21. Does the fund have any outstanding debts (other than face-amount certificates if the fund is a face-amount certificate company) or any other liabilities?
o Yes o No
If Yes,
(a) Describe the type and amount of each debt or other liability:
(b) How does the fund intend to pay these outstanding debts or other liabilities?
IV. Information About Event(s) Leading to Request For Deregistration
22. (a) List the expenses incurred in connection with the Merger or Liquidation:
(i) Legal expenses:
(ii) Accounting expenses:
(iii) Other expenses (list and identify separately):
(iv) Total expenses (sum of lines (i) - (iii) above):
(b) How were those expenses allocated?
(c) Who paid those expenses?
(d) How did the fund pay for unamortized expenses (if any)?

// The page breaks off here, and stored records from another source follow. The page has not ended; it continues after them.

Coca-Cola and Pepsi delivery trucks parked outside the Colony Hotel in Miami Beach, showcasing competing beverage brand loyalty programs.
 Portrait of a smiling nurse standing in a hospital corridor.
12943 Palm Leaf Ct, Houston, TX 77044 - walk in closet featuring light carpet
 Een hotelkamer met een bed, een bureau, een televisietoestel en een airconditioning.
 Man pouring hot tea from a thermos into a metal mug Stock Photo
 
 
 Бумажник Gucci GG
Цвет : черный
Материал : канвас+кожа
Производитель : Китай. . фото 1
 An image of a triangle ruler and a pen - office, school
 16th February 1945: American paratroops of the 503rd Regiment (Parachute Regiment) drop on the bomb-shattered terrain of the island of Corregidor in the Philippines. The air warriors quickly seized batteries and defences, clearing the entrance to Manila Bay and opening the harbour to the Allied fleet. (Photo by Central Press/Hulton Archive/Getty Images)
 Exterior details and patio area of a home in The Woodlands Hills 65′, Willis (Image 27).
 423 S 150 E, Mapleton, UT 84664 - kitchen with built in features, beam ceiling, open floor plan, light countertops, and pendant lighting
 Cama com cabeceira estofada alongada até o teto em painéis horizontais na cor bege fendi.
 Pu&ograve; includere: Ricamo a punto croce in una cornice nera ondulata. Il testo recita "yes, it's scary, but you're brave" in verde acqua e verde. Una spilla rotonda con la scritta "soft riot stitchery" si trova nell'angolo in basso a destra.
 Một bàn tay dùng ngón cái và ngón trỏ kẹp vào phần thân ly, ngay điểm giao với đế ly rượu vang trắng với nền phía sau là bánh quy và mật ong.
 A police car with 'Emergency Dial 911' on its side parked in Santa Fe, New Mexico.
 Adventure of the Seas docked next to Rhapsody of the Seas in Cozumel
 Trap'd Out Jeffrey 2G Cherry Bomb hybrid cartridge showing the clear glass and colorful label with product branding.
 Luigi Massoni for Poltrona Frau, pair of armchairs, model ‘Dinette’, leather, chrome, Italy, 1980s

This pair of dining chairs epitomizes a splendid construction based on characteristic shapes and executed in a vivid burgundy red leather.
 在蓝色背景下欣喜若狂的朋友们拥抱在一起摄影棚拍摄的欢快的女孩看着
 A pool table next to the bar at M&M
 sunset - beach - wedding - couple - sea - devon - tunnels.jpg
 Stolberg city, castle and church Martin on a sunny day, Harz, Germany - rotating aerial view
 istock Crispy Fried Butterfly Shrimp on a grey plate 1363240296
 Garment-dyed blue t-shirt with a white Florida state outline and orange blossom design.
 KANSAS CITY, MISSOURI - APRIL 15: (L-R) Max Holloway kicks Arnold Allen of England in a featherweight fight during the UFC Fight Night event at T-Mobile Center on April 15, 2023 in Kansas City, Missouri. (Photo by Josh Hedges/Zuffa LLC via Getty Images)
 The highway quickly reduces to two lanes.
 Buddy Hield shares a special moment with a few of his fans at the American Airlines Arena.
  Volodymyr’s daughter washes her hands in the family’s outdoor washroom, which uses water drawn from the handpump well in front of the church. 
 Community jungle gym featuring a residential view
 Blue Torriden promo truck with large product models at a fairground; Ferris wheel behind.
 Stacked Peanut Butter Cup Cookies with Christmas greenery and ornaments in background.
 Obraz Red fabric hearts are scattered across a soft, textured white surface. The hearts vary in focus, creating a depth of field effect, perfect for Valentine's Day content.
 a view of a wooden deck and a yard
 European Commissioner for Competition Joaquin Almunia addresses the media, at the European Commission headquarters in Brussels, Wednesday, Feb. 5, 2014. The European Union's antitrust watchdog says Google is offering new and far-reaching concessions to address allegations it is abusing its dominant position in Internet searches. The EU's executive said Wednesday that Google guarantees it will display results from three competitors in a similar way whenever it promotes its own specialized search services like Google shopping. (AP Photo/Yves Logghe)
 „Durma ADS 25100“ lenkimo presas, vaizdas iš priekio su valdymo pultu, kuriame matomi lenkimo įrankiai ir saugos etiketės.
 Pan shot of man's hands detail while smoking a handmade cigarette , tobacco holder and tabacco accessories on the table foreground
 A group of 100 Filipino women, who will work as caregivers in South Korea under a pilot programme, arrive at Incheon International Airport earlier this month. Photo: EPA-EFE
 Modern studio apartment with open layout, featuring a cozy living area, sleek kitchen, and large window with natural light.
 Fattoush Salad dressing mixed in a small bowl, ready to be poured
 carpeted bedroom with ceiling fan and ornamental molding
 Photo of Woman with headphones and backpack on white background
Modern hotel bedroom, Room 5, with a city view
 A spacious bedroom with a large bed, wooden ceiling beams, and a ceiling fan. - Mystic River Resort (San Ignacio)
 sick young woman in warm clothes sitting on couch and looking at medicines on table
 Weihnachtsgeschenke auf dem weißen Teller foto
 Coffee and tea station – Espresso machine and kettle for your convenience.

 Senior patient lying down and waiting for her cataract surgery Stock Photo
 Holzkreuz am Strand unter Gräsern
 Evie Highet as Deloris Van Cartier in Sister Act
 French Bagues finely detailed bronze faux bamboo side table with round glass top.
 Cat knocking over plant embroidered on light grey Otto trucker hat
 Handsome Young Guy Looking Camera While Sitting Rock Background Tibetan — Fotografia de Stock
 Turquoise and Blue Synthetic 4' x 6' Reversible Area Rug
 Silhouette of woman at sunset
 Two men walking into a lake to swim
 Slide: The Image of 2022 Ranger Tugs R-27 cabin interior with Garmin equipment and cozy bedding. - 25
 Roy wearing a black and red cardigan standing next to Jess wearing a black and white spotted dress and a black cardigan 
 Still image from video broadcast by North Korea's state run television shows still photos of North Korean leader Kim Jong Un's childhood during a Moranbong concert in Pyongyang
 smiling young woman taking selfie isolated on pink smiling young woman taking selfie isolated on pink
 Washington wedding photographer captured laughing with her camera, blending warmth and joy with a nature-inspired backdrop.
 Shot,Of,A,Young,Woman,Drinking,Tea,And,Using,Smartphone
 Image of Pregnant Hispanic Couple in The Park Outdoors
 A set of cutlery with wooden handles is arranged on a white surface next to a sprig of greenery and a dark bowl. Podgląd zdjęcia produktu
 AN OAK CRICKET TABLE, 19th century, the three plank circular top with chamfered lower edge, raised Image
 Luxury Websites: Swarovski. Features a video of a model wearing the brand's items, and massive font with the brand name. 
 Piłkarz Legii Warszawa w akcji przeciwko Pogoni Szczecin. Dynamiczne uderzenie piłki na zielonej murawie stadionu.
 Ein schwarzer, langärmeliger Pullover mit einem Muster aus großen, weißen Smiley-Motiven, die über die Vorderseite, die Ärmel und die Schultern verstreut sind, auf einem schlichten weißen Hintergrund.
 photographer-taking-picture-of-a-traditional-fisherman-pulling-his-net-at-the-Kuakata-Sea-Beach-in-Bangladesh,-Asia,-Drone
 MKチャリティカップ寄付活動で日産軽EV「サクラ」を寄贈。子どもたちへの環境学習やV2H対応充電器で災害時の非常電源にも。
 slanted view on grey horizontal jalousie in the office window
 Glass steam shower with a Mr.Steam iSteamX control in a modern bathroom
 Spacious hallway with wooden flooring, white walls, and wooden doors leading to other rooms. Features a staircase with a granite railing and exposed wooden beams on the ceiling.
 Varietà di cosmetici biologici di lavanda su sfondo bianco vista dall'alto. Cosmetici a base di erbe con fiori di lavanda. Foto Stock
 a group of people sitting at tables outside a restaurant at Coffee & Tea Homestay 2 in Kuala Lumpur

23. Has the fund previously filed an application for an order of the Commission regarding the Merger or Liquidation?
o Yes o No
If Yes, cite the release number of the Commission’s notice and order or, if no notice or order has been issued, the file number and date the application was filed:
V. Conclusion of Fund Business
24. Is the fund a party to any litigation or administrative proceeding?
o Yes ý No
If Yes, describe the nature of any litigation or proceeding and the position taken by the fund in that litigation:
25. Is the fund now engaged, or intending to engage, in any business activities other than those necessary for winding up its affairs?
ý Yes o No
If Yes, describe the nature and extent of those activities: The Fund will continue to operate in reliance on Section 3(c)(7) of the Investment Company Act of 1940, as amended (the "1940 Act"), as it has only three shareholders, each of whom is a "qualified purchaser" as defined in Section 2(a)(51) of the 1940 Act or a "knowledgeable employee" with respect to the Fund as defined in Rule 3c-5 under the 1940 Act and the Fund is no longer making any public offering of its securities and does not propose to make a public offering of its securities in the future. The Fund has notified its shareholders that, after receiving the deregistration order, certain legal protections that are afforded to shareholders of an investment company registered under the 1940 Act will no longer apply.
VI. Mergers Only
26. (a) State the name of the fund surviving the Merger:
(b) State the Investment Company Act file number of the fund surviving the Merger:
(c) If the merger or reorganization agreement has been filed with the Commission, state the file number(s), form type used and date the agreement was filed:
(d) If the merger or reorganization agreement has not been filed with the Commission, provide a copy of the agreement as an exhibit to this form.
VERIFICATION
The undersigned states that (i) he has executed this amended Form N-8F application for an order under Section 8(f) of the Investment Company Act of 1940, as amended, on behalf of Ramius Archview Credit and Distressed Fund, (ii) he is the Secretary of Ramius Archview Credit and Distressed Fund and (iii) all actions by shareholders, trustees, and any other body necessary to authorize the undersigned to execute and file this amended Form N-8F application have been taken. The undersigned also states that the facts set forth in this amended Form N-8F application are true to the best of his knowledge, information, and belief.